`io-uring` syscalls blocked by default on containerd > 1.7.0 security profiles
What happened:
Quilkin proxy panics on startup, as reported in this closed issue issue, where it was assumed to only occur on older versions of Linux. I'm seeing this occur on Ubuntu (24.04).

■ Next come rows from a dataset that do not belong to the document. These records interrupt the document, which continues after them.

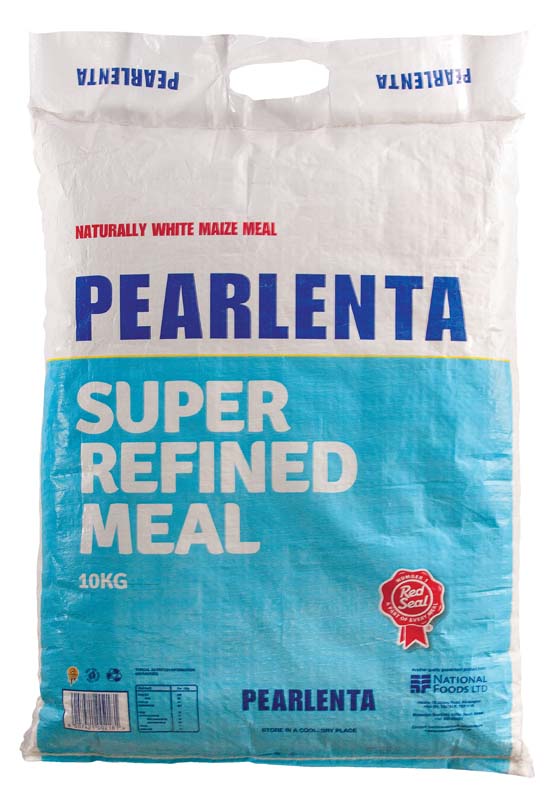 Red Seal Pearlenta 10kg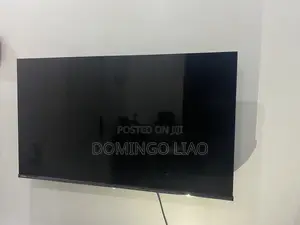 Hisense 43 Inches Smart Tv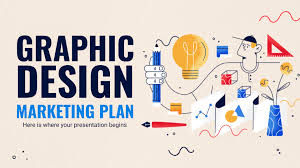 graphic design marketing plan google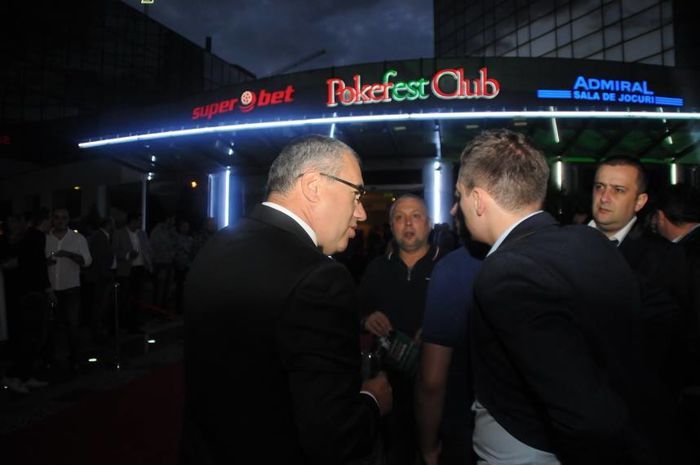 Покер блог на Станислав "BEKOBEH" Христов: PokerFest CLUB... 102
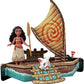 Mattel Disney Princess Moana Small Doll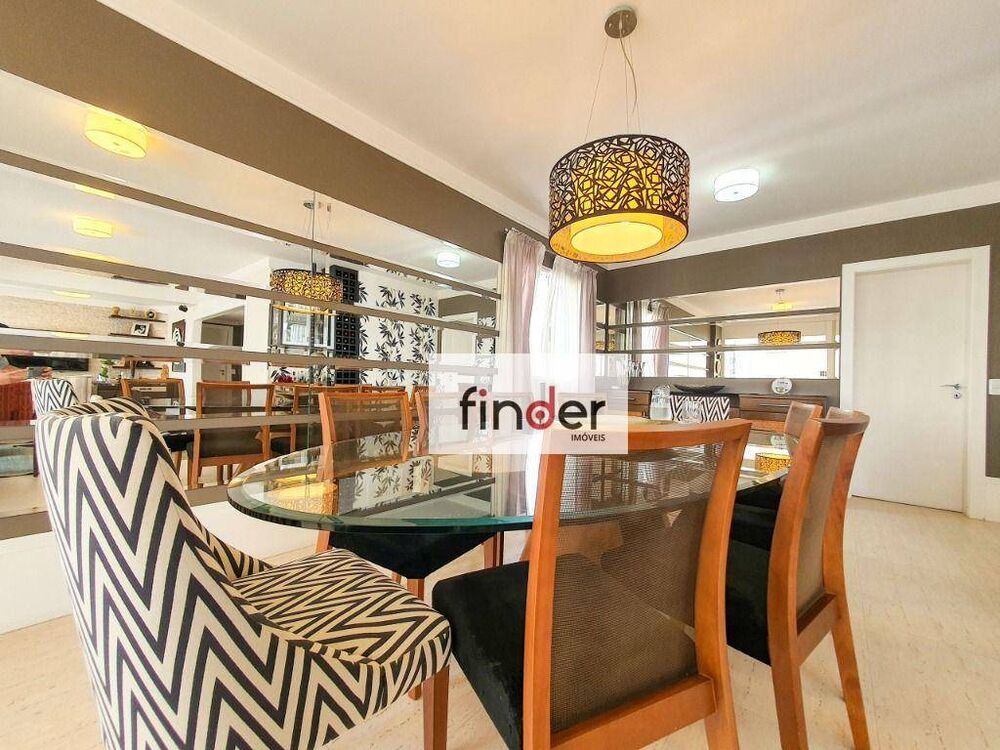 Apartamento, 3 quartos, 200 m² - Foto 3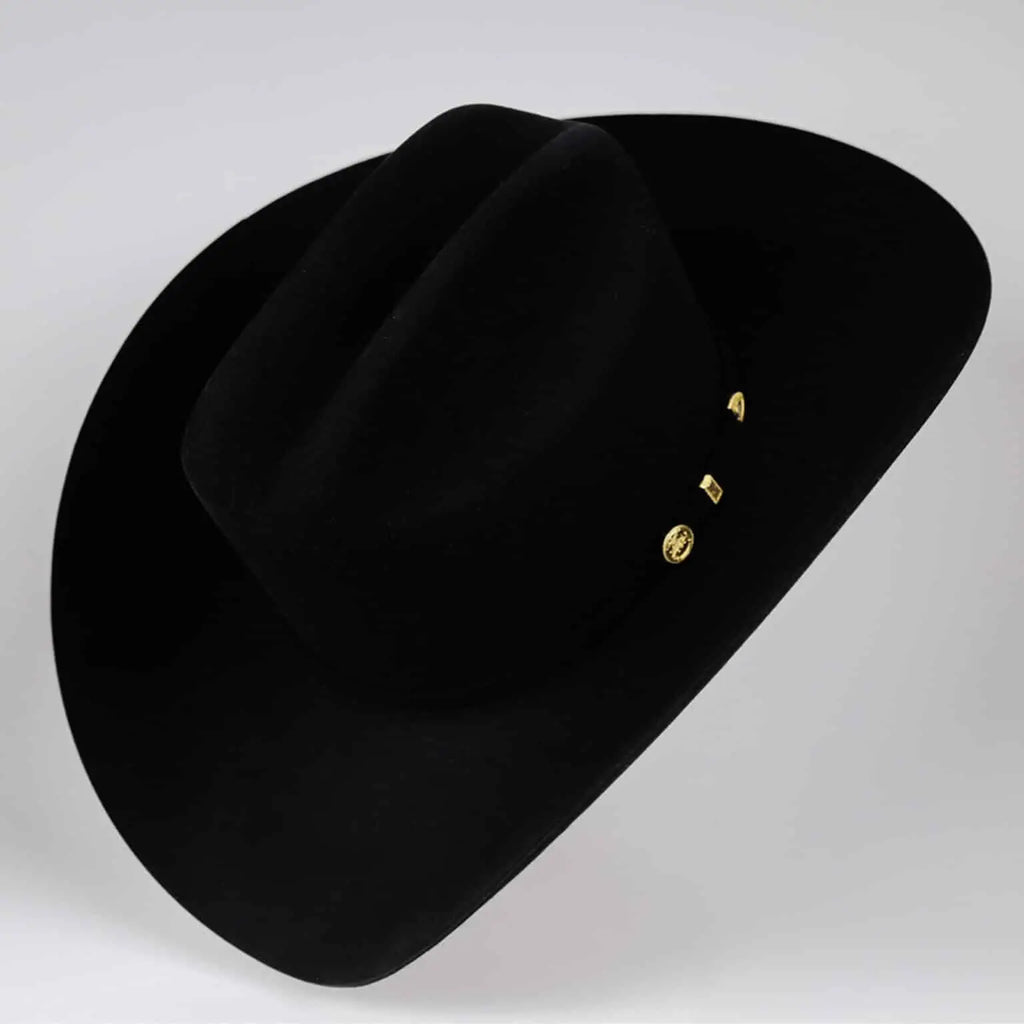 Texana Stetson 100X – El Presidente
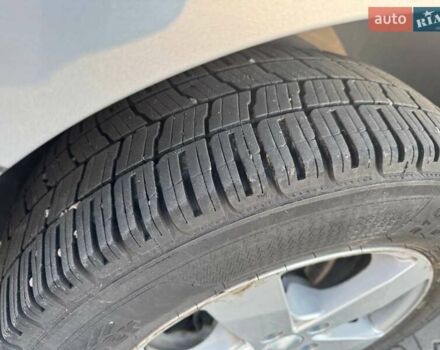 Сірий Рено Трафік, об'ємом двигуна 2 л та пробігом 226 тис. км за 14200 $, фото 29 на Automoto.ua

What you expected to happen:
Quilkin starts normally as it does on Ubuntu 22.04:
How to reproduce it (as minimally and precisely as possible):
As the OP in the link above did with this command:
docker run -e RUST_BACKTRACE=1 --network host us-docker.pkg.dev/quilkin/ci/quilkin:0.10.0-dev-083d425 proxy --port 28868 --to 127.0.0.1:28869
or with the latest release (0.9.0):
docker run --rm -e RUST_BACKTRACE=1 us-docker.pkg.dev/quilkin/release/quilkin:0.9.0 proxy --to 127.0.0.1:7778
Anything else we need to know?:
I'm seeing this after having installed Ubuntu 24.04 from scratch on a new system. It works fine on my Ubuntu 22.04 system. Luckily, Quilkin version 0.8.0 works on my new Ubuntu 24.04 system (so I've downgraded for the time being).
I installed docker using sudo apt install docker.io docker-compose-v2 on a cleanly installed and updated Ubuntu 24.04 system.
Environment:
- Quilkin version: 0.9.0 and 0.10.0-dev-083d425 (and newer versions)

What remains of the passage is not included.